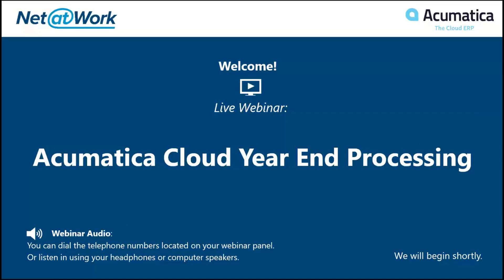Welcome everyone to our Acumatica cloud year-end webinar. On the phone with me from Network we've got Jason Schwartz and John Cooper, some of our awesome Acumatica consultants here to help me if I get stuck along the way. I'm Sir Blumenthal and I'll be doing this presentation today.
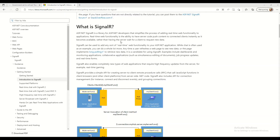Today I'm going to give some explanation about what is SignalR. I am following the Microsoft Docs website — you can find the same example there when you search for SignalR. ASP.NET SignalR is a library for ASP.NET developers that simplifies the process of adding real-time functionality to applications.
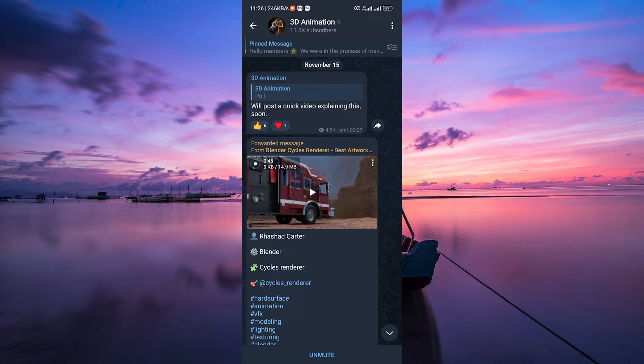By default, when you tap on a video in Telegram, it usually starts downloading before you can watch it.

- - -

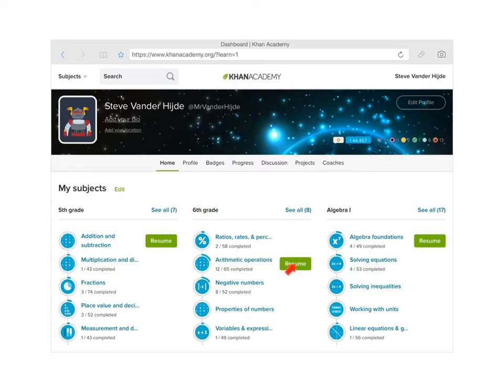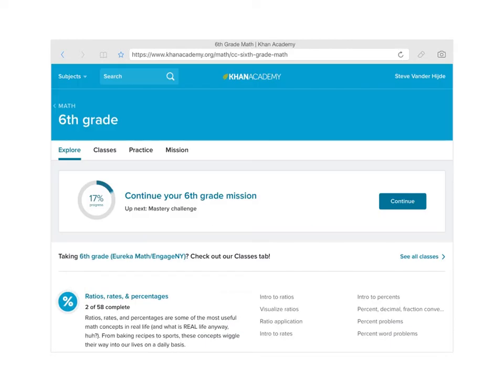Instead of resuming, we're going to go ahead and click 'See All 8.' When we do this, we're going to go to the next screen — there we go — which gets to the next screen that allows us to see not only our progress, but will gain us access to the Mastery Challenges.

- - -

Work instruction: Exact copy, pictures excluded: from the line with "Welcome everyone to" up to and including the line with "By default, when" in the data above.

Written response:
Welcome everyone to our Acumatica cloud year-end webinar. On the phone with me from Network we've got Jason Schwartz and John Cooper, some of our awesome Acumatica consultants here to help me if I get stuck along the way. I'm Sir Blumenthal and I'll be doing this presentation today.
Today I'm going to give some explanation about what is SignalR. I am following the Microsoft Docs website — you can find the same example there when you search for SignalR. ASP.NET SignalR is a library for ASP.NET developers that simplifies the process of adding real-time functionality to applications.
By default, when you tap on a video in Telegram, it usually starts downloading before you can watch it.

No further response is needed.